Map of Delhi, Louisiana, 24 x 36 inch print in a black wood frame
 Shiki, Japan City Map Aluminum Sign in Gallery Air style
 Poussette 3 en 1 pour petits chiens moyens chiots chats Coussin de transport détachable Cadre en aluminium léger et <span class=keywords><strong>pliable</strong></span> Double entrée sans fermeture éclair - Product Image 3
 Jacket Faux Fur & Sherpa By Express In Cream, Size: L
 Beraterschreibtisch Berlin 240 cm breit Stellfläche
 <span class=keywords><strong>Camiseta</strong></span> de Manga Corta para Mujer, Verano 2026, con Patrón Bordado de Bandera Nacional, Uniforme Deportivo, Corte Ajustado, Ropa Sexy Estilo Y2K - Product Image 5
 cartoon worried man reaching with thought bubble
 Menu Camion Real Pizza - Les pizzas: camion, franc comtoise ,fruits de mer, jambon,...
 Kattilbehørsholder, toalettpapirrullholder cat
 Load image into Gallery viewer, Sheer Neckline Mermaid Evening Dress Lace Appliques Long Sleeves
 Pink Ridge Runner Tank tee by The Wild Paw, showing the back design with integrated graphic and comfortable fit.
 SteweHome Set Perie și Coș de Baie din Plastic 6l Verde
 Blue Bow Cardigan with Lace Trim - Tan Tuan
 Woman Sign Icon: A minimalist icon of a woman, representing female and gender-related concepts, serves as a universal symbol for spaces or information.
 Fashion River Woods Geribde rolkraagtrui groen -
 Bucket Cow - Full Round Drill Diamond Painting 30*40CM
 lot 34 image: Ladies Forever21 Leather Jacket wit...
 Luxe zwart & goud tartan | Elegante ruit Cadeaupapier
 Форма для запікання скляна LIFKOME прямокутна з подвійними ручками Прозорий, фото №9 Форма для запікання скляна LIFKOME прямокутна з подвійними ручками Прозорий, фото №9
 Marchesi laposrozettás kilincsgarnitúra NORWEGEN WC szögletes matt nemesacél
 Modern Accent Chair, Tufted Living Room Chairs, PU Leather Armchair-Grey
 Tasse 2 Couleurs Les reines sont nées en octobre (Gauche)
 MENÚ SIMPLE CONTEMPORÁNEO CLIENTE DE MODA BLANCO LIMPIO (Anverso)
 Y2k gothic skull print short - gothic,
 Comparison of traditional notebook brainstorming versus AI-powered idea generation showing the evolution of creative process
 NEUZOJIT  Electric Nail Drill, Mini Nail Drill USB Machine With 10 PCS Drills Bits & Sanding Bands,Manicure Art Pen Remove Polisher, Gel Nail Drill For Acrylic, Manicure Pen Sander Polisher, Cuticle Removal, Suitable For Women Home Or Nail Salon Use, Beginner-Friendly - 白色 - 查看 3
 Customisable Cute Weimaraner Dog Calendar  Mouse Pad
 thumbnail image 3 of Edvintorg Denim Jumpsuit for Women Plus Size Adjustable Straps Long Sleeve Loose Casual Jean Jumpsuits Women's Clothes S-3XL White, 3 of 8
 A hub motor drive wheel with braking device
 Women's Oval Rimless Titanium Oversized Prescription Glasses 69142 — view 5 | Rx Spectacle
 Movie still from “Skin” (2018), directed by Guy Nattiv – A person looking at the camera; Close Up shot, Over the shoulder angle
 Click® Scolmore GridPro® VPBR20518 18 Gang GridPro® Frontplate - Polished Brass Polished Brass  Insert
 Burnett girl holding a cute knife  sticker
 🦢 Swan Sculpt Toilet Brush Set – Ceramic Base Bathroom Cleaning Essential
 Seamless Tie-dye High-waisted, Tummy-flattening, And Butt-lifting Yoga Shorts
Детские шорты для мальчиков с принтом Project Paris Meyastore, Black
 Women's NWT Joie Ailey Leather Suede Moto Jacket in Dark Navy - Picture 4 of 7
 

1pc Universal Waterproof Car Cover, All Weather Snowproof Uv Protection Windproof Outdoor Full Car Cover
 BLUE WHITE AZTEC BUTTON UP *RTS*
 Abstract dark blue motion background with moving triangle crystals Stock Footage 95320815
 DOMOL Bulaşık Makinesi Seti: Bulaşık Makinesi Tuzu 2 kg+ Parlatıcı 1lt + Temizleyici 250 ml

■ Assigned task:
All that is needed is the exact run of lines above from the line containing "Luxe zwart &" through the line containing "Customisable Cute Weimaraner", both of them included.

■ Response to this task:
 Luxe zwart & goud tartan | Elegante ruit Cadeaupapier
 Форма для запікання скляна LIFKOME прямокутна з подвійними ручками Прозорий, фото №9 Форма для запікання скляна LIFKOME прямокутна з подвійними ручками Прозорий, фото №9
 Marchesi laposrozettás kilincsgarnitúra NORWEGEN WC szögletes matt nemesacél
 Modern Accent Chair, Tufted Living Room Chairs, PU Leather Armchair-Grey
 Tasse 2 Couleurs Les reines sont nées en octobre (Gauche)
 MENÚ SIMPLE CONTEMPORÁNEO CLIENTE DE MODA BLANCO LIMPIO (Anverso)
 Y2k gothic skull print short - gothic,
 Comparison of traditional notebook brainstorming versus AI-powered idea generation showing the evolution of creative process
 NEUZOJIT  Electric Nail Drill, Mini Nail Drill USB Machine With 10 PCS Drills Bits & Sanding Bands,Manicure Art Pen Remove Polisher, Gel Nail Drill For Acrylic, Manicure Pen Sander Polisher, Cuticle Removal, Suitable For Women Home Or Nail Salon Use, Beginner-Friendly - 白色 - 查看 3
 Customisable Cute Weimaraner Dog Calendar  Mouse Pad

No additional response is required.